Les Fiches du Grand Orient et leur fonctionnement
Le but des collecteurs de données était de rassembler des informations sur les convictions politiques et religieuses des officiers de l’armée française. Ces informations étaient ensuite enregistrées sur des fiches individuelles, qui étaient ensuite utilisées pour évaluer la loyauté politique et religieuse des officiers.
Les méthodes utilisées pour collecter ces informations étaient discutables et controversées. Des agents infiltrés étaient chargés de recueillir des renseignements sur les officiers, en s’intégrant dans leur entourage et en observant leurs activités quotidiennes. Ces informations étaient ensuite transmises aux autorités compétentes pour être enregistrées sur les fiches.
De cette façon, les convictions religieuses des officiers sont aussi très nettement évoquées. Si certaines fiches mentionnent une indifférence politique supposée ou une difficulté à se prononcer, un grand nombre porte des indications à charge comme “va à la messe”, “fait élever ses enfants chez les frères”, “réactionnaire et catholique convaincu”, “s’est rendu ridicule il y a quatre ans en tombant à genoux au passage d’une procession”, “quand on porte un nom pareil [à particule], on ne peut pas être républicain”, “ami intime de l’évêque”, “a accepté il y a trois ans de représenter un lieutenant titré dans une affaire de duel avec le rédacteur d’un journal républicain”, “a recueilli à sa table un capucin lors de la fermeture du couvent de Castres” ou à décharge comme “dévoué au gouvernement”

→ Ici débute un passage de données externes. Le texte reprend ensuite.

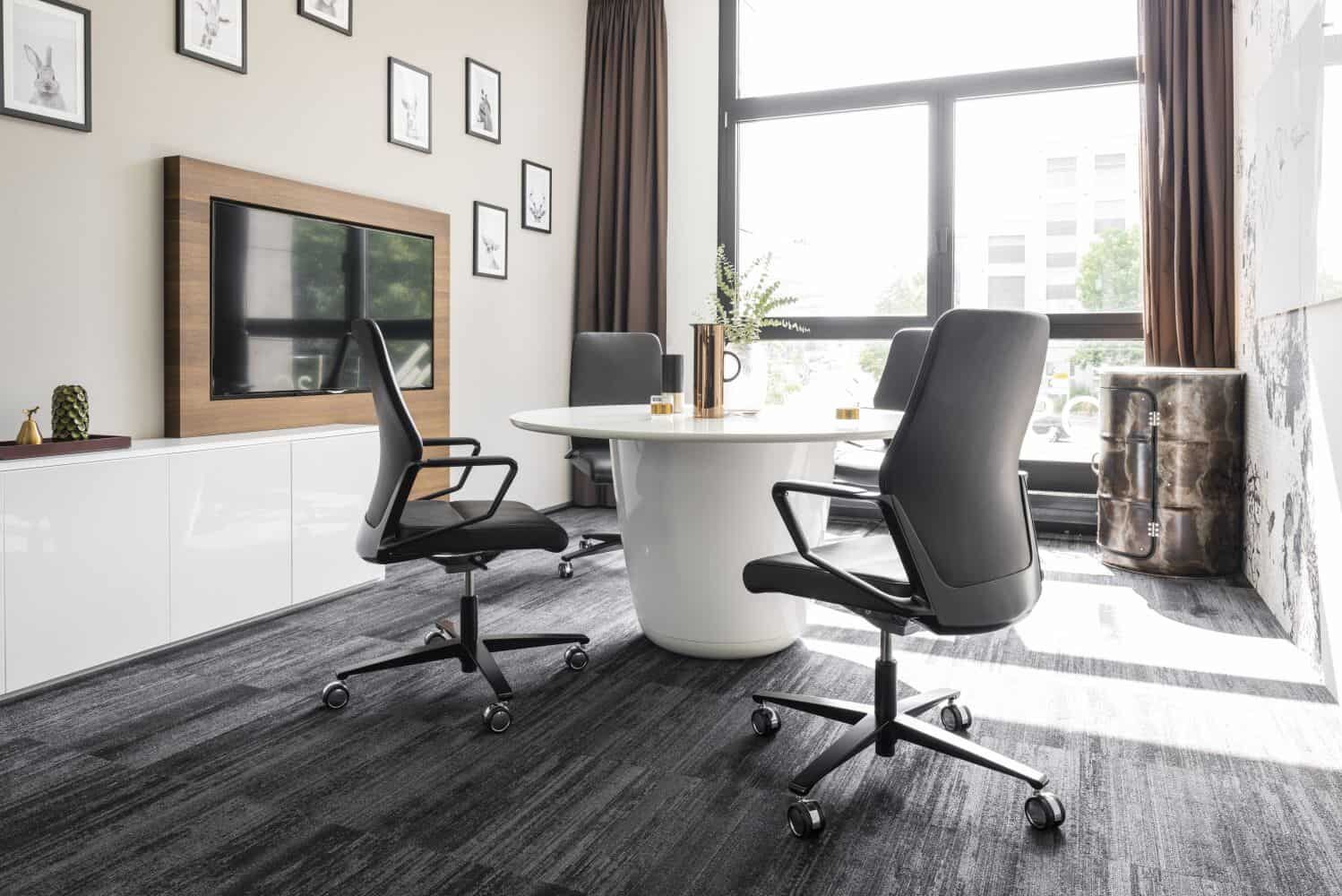 Moderne Besprechungsecke mit ergonomischen Bürostühlen und rundem Tisch, ideal für gesundes Sitzen im Büro.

Au ministère de la Guerre, ces fiches servent à classer les officiers dans deux dossiers : les officiers catholiques et nationalistes — à écarter des promotions — sont rangés dans le dossier Carthage (l’appellation rappelant le mot de Caton l’Ancien, Delenda Carthago), les officiers républicains et libre-penseurs — dont le cabinet d’André cherche à accélérer la carrière — trouvent leur place dans le dossier Corinthe (référence à Non licet omnibus adire Corinthum : « Il n’est pas donné à tout le monde d’aller à Corinthe »). .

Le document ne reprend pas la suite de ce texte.